*Exercise requirements*
From the line containing "Dragon Pizza Deli" down to the last line of the material, output each line exactly as it appears, excluding pictures.

[The data — start]

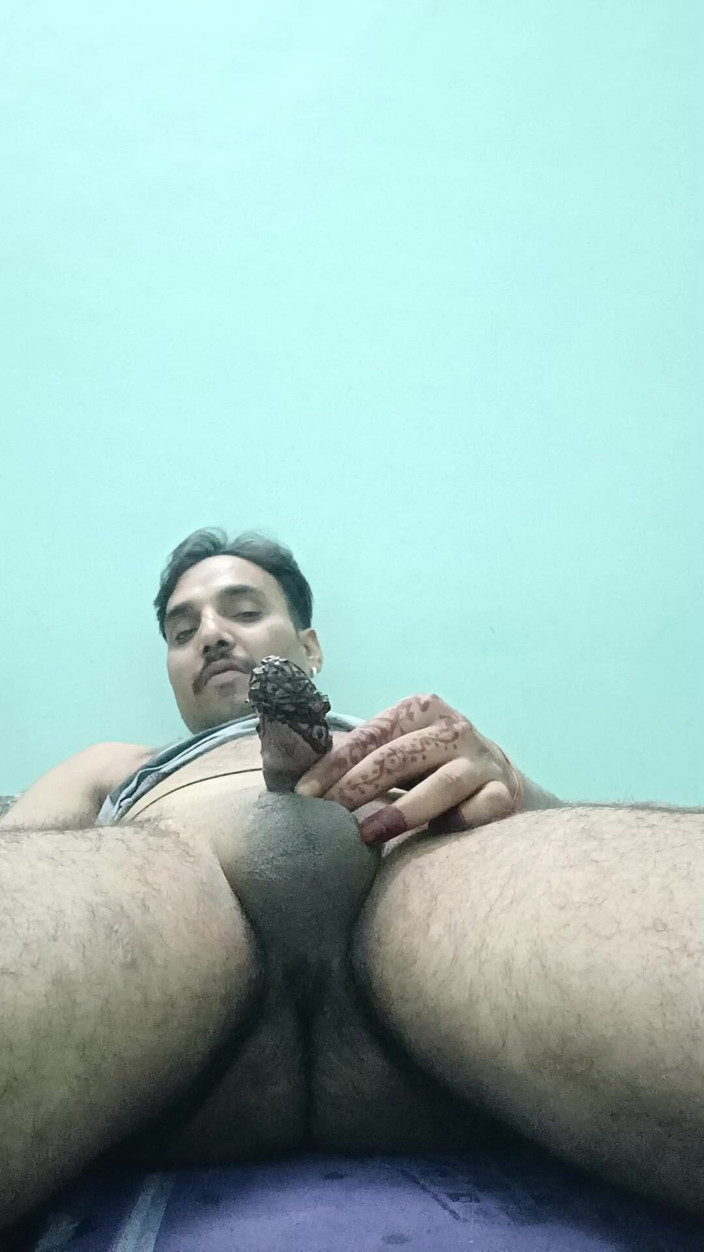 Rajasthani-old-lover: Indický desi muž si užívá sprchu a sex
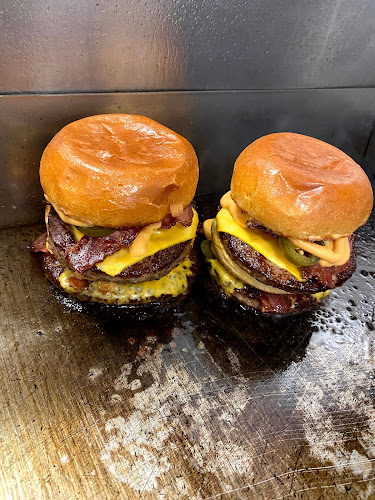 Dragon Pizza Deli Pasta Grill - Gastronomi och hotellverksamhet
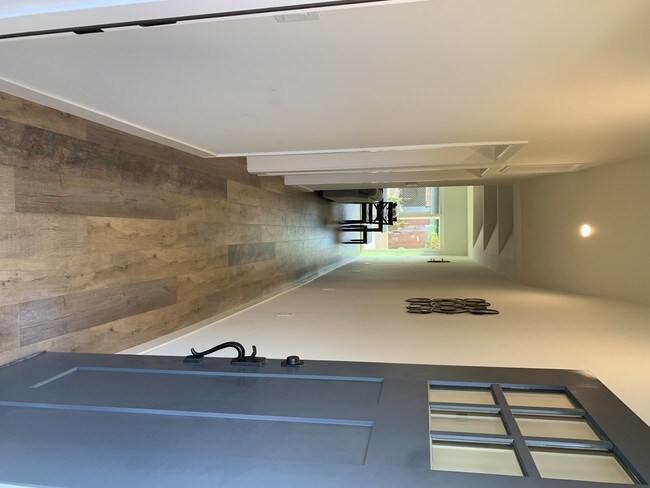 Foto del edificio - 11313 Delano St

[The data — finish]

*Completed exercise*
 Dragon Pizza Deli Pasta Grill - Gastronomi och hotellverksamhet
 Foto del edificio - 11313 Delano St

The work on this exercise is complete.